### Activity
Copy out exactly the stretch below, from the line with "Philips Czujnik ruchu" through the line with "Gartenhütte", both included; the pictures stay out.

### Stored data
• • • •
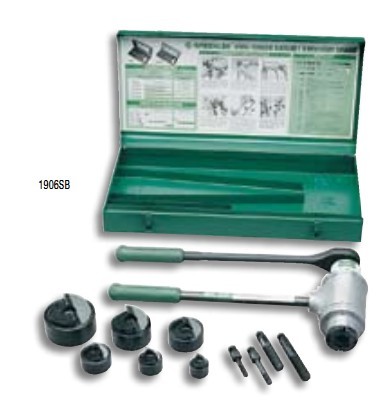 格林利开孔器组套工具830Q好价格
• • • •
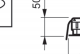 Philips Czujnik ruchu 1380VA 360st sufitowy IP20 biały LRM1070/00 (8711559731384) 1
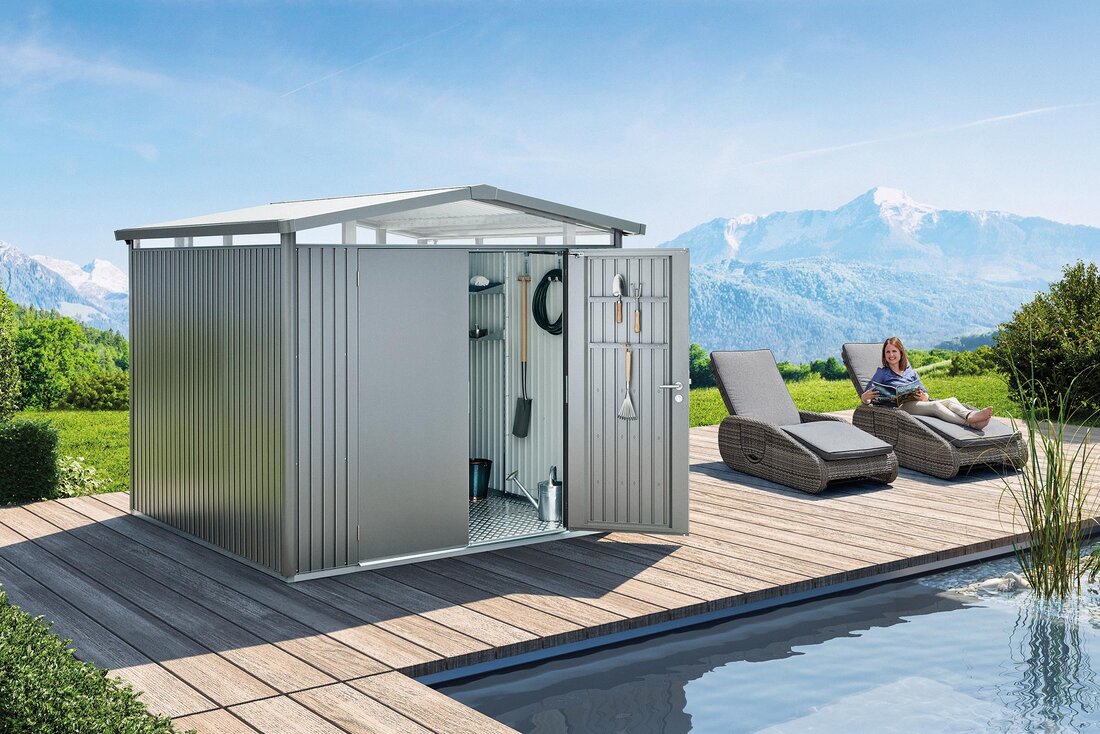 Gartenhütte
• • • •
### Response area
 Philips Czujnik ruchu 1380VA 360st sufitowy IP20 biały LRM1070/00 (8711559731384) 1
 Gartenhütte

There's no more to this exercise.